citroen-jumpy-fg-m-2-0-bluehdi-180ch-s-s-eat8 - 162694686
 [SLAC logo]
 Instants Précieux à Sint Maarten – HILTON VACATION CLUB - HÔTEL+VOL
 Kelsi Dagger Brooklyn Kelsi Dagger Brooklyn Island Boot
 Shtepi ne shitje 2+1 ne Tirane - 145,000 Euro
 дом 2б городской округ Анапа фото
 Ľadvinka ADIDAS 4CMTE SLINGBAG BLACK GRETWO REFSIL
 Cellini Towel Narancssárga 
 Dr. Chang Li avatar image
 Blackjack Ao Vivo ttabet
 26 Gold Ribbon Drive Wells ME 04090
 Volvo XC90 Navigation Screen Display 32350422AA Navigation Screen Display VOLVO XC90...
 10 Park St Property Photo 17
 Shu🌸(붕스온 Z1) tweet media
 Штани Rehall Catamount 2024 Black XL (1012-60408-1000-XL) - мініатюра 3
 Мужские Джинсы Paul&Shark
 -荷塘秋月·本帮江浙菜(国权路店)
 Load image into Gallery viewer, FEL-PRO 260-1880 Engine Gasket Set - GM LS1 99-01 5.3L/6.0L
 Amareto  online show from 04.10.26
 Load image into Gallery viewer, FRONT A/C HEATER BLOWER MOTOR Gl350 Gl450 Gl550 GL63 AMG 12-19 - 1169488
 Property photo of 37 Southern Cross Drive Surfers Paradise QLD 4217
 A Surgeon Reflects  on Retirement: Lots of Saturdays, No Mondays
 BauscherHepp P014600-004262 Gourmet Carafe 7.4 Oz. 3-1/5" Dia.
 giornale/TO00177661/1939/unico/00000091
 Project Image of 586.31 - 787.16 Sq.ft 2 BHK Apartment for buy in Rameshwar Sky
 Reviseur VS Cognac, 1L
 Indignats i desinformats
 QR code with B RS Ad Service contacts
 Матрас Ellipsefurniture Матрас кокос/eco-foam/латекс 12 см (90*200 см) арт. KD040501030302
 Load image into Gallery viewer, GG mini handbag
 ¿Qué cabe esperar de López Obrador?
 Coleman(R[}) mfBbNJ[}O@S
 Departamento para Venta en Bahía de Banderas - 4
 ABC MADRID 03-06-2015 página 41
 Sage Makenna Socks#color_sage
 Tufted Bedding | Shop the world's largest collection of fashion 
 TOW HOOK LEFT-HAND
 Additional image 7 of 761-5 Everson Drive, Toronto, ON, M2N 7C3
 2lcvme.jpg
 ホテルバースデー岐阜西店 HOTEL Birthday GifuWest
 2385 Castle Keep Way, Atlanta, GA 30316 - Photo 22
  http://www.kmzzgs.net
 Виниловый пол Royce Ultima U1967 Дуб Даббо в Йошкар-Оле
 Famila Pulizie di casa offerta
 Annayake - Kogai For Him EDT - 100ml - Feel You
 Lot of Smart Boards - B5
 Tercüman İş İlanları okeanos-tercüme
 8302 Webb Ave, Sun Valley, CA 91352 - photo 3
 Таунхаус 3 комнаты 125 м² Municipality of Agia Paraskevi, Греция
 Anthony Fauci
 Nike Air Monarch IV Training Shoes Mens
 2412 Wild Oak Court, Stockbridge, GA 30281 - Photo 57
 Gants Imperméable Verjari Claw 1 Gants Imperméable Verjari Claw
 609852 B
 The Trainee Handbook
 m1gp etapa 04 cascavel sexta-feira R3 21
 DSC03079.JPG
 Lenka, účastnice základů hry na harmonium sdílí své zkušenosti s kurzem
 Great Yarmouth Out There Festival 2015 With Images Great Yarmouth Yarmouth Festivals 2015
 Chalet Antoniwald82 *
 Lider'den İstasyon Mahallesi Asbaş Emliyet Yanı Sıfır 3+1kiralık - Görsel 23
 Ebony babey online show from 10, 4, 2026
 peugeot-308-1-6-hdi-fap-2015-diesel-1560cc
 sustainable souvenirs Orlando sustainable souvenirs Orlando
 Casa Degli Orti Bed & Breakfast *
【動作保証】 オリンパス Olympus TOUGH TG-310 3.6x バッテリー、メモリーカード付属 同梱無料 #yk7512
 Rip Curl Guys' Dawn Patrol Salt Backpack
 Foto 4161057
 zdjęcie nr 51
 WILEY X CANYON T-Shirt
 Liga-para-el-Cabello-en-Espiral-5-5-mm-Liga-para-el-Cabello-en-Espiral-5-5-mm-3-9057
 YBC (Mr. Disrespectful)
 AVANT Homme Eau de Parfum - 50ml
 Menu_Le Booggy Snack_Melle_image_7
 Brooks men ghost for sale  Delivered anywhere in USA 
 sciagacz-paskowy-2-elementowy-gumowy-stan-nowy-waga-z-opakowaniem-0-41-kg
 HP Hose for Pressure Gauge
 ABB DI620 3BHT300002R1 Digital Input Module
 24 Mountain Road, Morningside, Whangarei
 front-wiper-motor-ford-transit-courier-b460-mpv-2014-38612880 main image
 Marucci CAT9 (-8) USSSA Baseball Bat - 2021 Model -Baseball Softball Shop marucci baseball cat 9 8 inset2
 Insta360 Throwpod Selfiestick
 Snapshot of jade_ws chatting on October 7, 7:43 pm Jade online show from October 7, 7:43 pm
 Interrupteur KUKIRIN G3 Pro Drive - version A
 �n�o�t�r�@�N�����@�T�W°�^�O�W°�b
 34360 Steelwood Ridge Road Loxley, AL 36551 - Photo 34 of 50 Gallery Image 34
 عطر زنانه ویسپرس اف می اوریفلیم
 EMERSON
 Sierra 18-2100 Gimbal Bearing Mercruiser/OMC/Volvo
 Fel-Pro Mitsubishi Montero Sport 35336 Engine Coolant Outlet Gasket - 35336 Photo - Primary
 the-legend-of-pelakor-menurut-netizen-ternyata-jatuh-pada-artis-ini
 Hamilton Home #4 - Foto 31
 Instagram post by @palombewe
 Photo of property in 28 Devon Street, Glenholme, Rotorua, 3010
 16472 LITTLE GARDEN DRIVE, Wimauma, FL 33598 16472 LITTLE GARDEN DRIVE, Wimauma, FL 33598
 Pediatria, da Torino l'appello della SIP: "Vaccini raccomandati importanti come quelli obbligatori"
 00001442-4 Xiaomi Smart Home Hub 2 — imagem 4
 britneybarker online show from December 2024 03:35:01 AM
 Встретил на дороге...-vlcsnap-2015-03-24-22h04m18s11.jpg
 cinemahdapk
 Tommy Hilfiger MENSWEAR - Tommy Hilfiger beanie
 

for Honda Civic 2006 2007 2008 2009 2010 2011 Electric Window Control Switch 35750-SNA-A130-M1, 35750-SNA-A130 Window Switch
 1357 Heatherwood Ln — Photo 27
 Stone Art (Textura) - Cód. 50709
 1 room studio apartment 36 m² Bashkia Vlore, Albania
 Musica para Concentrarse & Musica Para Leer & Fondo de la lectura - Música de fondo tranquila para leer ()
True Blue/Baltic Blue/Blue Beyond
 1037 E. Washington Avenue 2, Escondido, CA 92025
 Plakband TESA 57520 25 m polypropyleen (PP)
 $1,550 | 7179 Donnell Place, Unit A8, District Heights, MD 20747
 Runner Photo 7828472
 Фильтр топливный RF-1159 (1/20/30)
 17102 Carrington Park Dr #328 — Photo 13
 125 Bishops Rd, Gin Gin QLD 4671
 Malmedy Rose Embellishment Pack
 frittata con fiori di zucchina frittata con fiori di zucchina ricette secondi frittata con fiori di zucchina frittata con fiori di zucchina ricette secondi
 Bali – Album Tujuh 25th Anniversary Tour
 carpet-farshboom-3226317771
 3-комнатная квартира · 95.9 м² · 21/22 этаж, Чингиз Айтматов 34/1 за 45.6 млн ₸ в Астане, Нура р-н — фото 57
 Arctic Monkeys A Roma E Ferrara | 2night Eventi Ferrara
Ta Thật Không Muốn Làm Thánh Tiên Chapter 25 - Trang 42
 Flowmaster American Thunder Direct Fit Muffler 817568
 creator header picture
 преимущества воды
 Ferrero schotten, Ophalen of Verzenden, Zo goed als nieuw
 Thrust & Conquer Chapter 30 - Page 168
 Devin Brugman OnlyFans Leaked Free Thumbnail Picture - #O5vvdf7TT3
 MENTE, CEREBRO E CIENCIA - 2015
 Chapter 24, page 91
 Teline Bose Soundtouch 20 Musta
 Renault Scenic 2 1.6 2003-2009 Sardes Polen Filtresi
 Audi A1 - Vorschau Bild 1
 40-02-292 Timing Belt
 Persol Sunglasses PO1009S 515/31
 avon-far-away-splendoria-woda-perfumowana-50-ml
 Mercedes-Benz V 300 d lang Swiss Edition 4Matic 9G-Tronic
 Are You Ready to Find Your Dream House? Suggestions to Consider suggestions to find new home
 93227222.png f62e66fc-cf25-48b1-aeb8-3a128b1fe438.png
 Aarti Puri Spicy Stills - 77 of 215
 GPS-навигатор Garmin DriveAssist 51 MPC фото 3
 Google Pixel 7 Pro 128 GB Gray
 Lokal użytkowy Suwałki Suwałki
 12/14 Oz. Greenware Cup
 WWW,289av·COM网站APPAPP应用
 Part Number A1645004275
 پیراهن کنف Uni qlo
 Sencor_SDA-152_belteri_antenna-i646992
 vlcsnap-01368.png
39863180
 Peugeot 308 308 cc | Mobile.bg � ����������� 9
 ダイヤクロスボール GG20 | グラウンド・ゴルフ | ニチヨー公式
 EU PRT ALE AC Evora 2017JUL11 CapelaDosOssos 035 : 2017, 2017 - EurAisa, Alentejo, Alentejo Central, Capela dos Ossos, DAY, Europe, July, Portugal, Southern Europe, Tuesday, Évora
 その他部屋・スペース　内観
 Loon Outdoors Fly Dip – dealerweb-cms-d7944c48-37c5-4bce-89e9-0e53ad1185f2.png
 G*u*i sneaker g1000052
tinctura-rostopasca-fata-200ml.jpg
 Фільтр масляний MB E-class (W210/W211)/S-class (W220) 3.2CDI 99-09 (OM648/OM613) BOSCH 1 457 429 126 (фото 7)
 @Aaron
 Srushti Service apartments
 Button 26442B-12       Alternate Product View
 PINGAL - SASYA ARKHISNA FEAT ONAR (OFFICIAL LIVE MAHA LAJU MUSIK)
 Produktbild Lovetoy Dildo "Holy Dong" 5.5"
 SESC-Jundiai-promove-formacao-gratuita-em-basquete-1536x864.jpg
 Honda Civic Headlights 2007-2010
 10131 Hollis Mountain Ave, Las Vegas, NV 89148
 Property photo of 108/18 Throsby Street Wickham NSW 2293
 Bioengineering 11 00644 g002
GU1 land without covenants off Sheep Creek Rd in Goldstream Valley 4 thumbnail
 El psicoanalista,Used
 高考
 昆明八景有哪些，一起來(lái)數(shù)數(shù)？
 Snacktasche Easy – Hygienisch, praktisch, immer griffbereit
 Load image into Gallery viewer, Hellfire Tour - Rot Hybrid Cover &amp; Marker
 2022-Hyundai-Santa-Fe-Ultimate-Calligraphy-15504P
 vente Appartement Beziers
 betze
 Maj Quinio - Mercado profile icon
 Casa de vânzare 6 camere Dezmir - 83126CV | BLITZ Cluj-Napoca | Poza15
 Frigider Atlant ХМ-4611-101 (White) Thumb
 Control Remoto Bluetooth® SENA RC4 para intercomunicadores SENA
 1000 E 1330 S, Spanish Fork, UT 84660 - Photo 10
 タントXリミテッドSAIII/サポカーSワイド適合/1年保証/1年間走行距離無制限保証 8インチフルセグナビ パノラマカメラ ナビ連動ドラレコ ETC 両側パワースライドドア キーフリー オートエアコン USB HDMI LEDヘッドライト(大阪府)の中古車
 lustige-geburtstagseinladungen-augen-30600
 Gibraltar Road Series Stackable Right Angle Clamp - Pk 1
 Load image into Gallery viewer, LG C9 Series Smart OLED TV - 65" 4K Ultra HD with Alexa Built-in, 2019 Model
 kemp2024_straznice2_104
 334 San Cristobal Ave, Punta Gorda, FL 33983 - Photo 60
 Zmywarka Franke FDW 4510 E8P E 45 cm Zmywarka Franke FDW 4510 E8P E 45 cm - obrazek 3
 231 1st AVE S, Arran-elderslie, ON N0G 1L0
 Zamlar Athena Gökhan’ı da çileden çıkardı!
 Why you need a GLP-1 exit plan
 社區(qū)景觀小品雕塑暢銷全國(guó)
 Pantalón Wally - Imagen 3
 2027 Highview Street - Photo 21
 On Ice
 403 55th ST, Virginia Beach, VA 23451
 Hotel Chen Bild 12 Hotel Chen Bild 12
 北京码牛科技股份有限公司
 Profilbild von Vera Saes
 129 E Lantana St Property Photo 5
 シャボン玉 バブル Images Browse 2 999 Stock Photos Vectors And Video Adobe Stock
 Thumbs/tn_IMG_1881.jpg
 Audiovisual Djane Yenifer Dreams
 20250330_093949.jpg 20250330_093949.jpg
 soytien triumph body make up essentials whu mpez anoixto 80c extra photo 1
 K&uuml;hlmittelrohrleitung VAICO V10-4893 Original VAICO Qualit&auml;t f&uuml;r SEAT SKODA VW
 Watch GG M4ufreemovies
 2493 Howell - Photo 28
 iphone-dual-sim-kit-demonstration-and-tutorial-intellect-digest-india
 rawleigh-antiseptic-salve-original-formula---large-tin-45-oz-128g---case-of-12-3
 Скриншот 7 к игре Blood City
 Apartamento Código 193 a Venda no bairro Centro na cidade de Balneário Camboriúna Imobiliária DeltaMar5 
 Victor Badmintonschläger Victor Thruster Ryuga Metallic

-------------------------

## DESCRIPTION OF THE TASK
Among the entries above, copy exactly only the lines starting with the one containing "Famila Pulizie di casa offerta" and going through the one containing "WILEY X CANYON T-Shirt", both ends included.

## ANSWER BOX
 Famila Pulizie di casa offerta
 Annayake - Kogai For Him EDT - 100ml - Feel You
 Lot of Smart Boards - B5
 Tercüman İş İlanları okeanos-tercüme
 8302 Webb Ave, Sun Valley, CA 91352 - photo 3
 Таунхаус 3 комнаты 125 м² Municipality of Agia Paraskevi, Греция
 Anthony Fauci
 Nike Air Monarch IV Training Shoes Mens
 2412 Wild Oak Court, Stockbridge, GA 30281 - Photo 57
 Gants Imperméable Verjari Claw 1 Gants Imperméable Verjari Claw
 609852 B
 The Trainee Handbook
 m1gp etapa 04 cascavel sexta-feira R3 21
 DSC03079.JPG
 Lenka, účastnice základů hry na harmonium sdílí své zkušenosti s kurzem
 Great Yarmouth Out There Festival 2015 With Images Great Yarmouth Yarmouth Festivals 2015
 Chalet Antoniwald82 *
 Lider'den İstasyon Mahallesi Asbaş Emliyet Yanı Sıfır 3+1kiralık - Görsel 23
 Ebony babey online show from 10, 4, 2026
 peugeot-308-1-6-hdi-fap-2015-diesel-1560cc
 sustainable souvenirs Orlando sustainable souvenirs Orlando
 Casa Degli Orti Bed & Breakfast *
【動作保証】 オリンパス Olympus TOUGH TG-310 3.6x バッテリー、メモリーカード付属 同梱無料 #yk7512
 Rip Curl Guys' Dawn Patrol Salt Backpack
 Foto 4161057
 zdjęcie nr 51
 WILEY X CANYON T-Shirt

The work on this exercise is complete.